After you've pasted into Word and clicked the pilcrow you may see a paragraph character at the end of each and every line. You'll want to remove all of these except those marking the end of a true paragraph.

Firstly, there should not be any empty paragraphs creating blank lines. Spacing should be accomplished by using format/style.
Remove empty paragraphs:

Check 'Use wildcards'
Find: ^13{2,10}
Repl: ^p

Broken paragraphs:

First method -
When not following certain punctuation marks such as full stop, question mark and so on, the paragraph character is removed.

(A)

Check 'Use wildcards'
With cursor in Find box click More, Font, Not Bold
Find: ([!.\?:"\!”'’\)0-9])^13 Note both straight and closing curly double quotes are required
Repl: \1 That's \1 followed by a <space>
*** Afterwards with cursor in Find box click 'No formatting' ***

The main problem with this is some of the punctuation may not actually end a paragraph - yet coincidently it's at the end of a line followed by a paragraph character.
Here's an example created by the above F/R: </p> indicates a paragraph character

Even Palmer couldn’t ignore something like that. “Mwhuh?”</p>
she replied as she chewed her doughnut.</p>

'she replied ...' should be on the same line as “Mwhuh?”

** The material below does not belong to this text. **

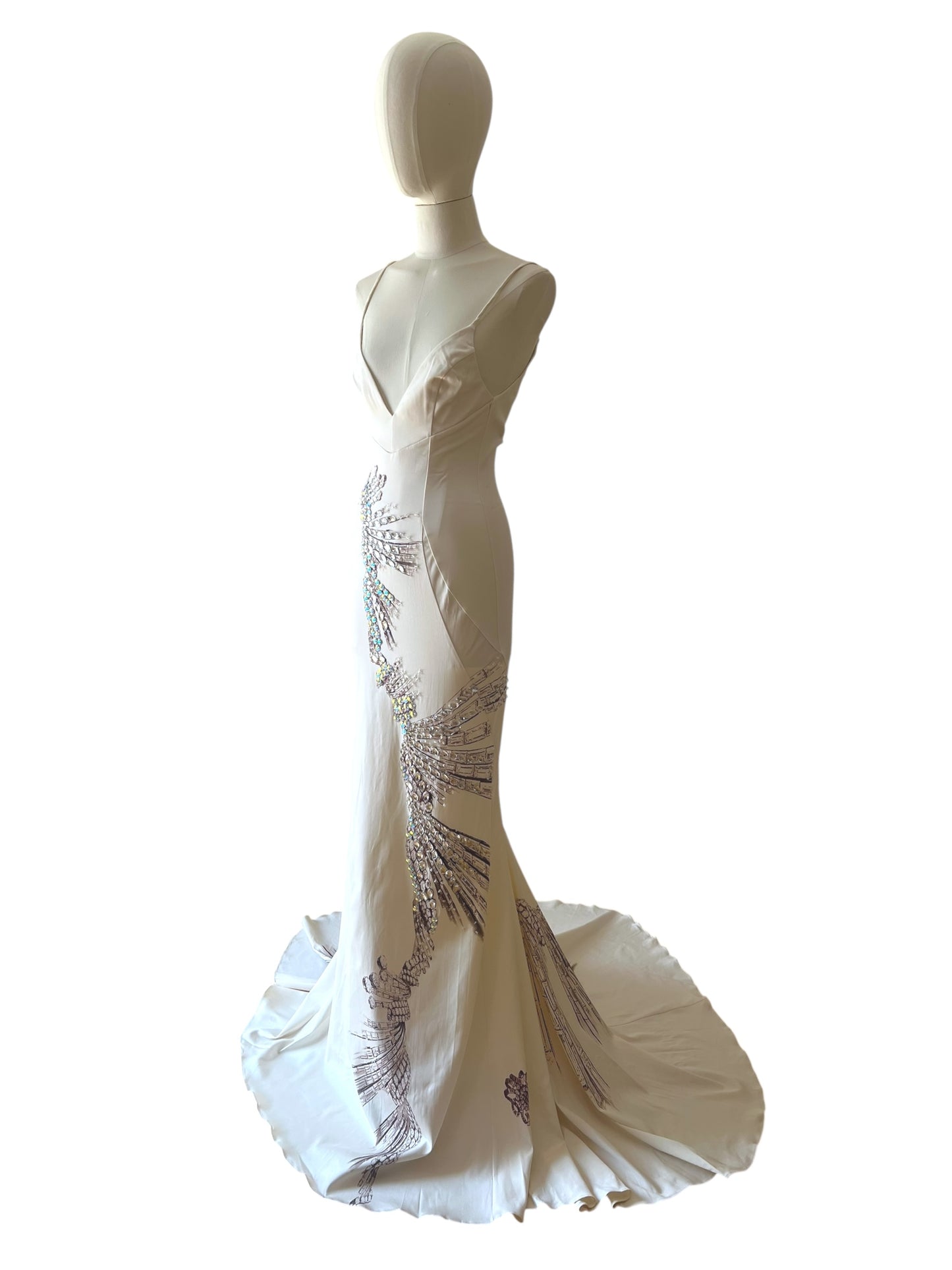 Roberto Cavalli FW 2002 long embroidered dress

So a different approach is to look for lines starting with lowercase letters:

(B)

Check 'Use wildcards'
Find: ^13([a-z]) Looks for lines starting with a lowercase letter after the paragraph character
Repl: \1 That's a <space> followed by \1

So the answer (still imperfect) is to use (A) then use (B)

Still there are problems:
(a) Chapter headings and poetry bits (epigraphs) don't have end punctuation so lose their line/paragaph characters.
Solution: Parts not to be scanned should be made bold then during F/R the Find Criteria should include Format, Font - Not Bold. Change back from Bold afterwards. Click 'No formatting' in F/R dialogue.

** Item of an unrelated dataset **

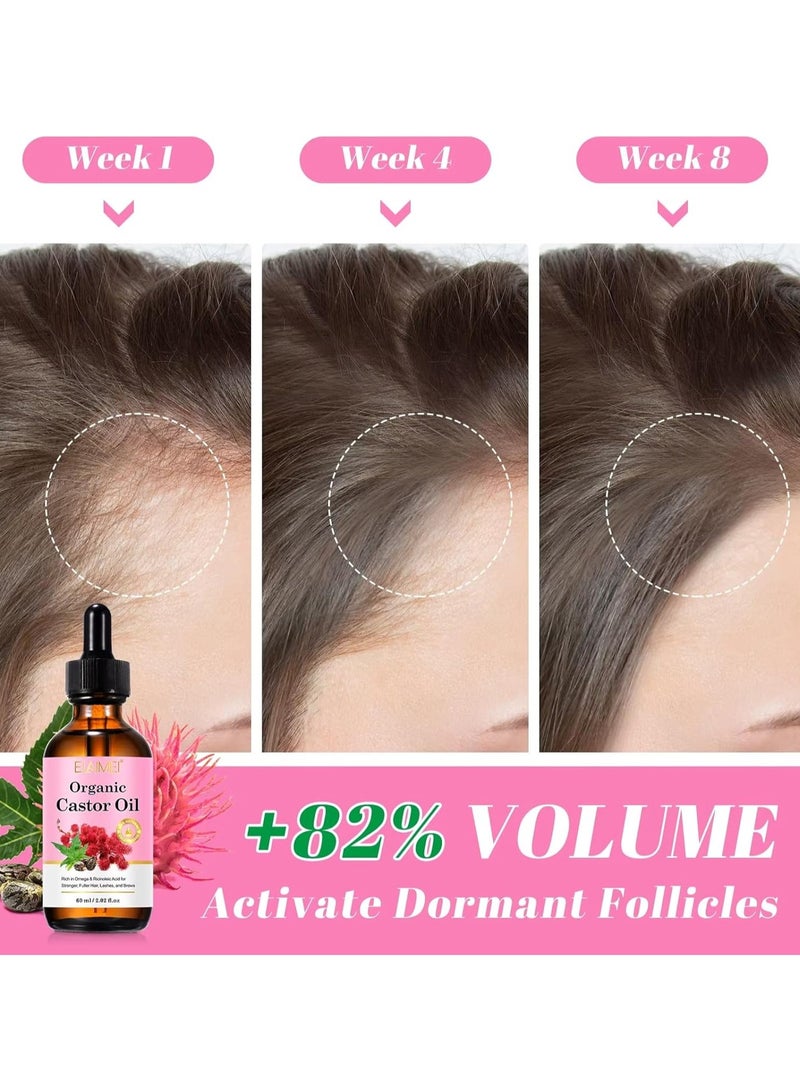 Elaimei Organic Castor Oil Hair Growth 60ml 100% Pure Natural & Organic Castor Oil Rich in Omega & Ricinoleic Acid for Stronger Hair Lash & Brow Castor Serum for Hair Beard Eyelash Eyebrow Growth - Image 3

(b) In USA it seems the practice is to put a full stop (period) after Mr. Mrs. Ms. Dr. A coincidental paragraph character after the dot would survive and we'd get:
Mr.<p/> </p> represents a paragraph character
Smith....
(C)

Solution: After the above F/Rs, (A) and (B)

Check 'Use wildcards'
Find: ([DM][rs]{1,2}.)^13([A-Z])
Repl: \1 \2 Optional space between \1 and \2 for Dr.Smith or Dr. Smith

(c) Similarly, if by coincidence the para-character is just after a full stop then it's left there even though it's mid paragraph.
Here's an example pre F/R: </p> represents paragraph character

“Okay, now you just sound like a scary boyfriend,” May</p>
said, reaching under her T-shirt to unhook her bra. “Explain.</p>
Why am I doing this?”</p>

Following a F/R the paragraph character after 'May' is removed but the one after 'Explain.' isn't because it just happens to come after a full stop.

(D)

Solution: This will only work for curly quotes, because of a need to distinguish between opening and closing quotes.

Check 'Use wildcards'
Find: (“[!^13”]@)^13([!”]@”)
Repl: \1 \2 Space between \1 and \2
--------------------------------
MINOR CORRECTIONS
--------------------------------
You may have gone ahead with this conversion knowing that there were errors in the original PDF. Common errors are missing spaces and wrongly scanned or OCRed letters eg 'r n' becomes 'm'. There's also sometimes a problem with a PDF that uses characters, such as stylistic ligatures.

Missing Spaces
a) Missing space after a punctuation mark

Find: [!A-Z]([.,:;”\!])([A-z])
Repl: \1 \2 \1<space>\2
Notes: [!A-Z] is to avoid titles such as A.B.C. becoming A. B. C.; however Ph.D. will be split into Ph. D.
Unfortunately this also will put a space between punctuation and a closing quote;
Example: .” becomes . ” .<space>”

Find: ” That's <space>”
Repl: ” That's ” only


b) Missing space between a word in italic and a word non-italic.
You may see this: firstsecond

(This is a two part F/R)

UNCHECK 'Use wildcards'
(i)
With the cursor in the Find box, click Format, Font and select Italic.
Find: leave blank
Repl: ^& That's <space>^&<space>
If the Find button is dimmed, you haven't unchecked 'Use wildcards'.

(ii)
CHECK 'Use wildcards'
With the cursor in the Find box, click No Formatting
Find: {2} That's <space>{2}
Repl: That's <space>

Explanation: First we add a space on each side of every block of word(s) in italic.
Then we search for any double spaces and replace with a single space.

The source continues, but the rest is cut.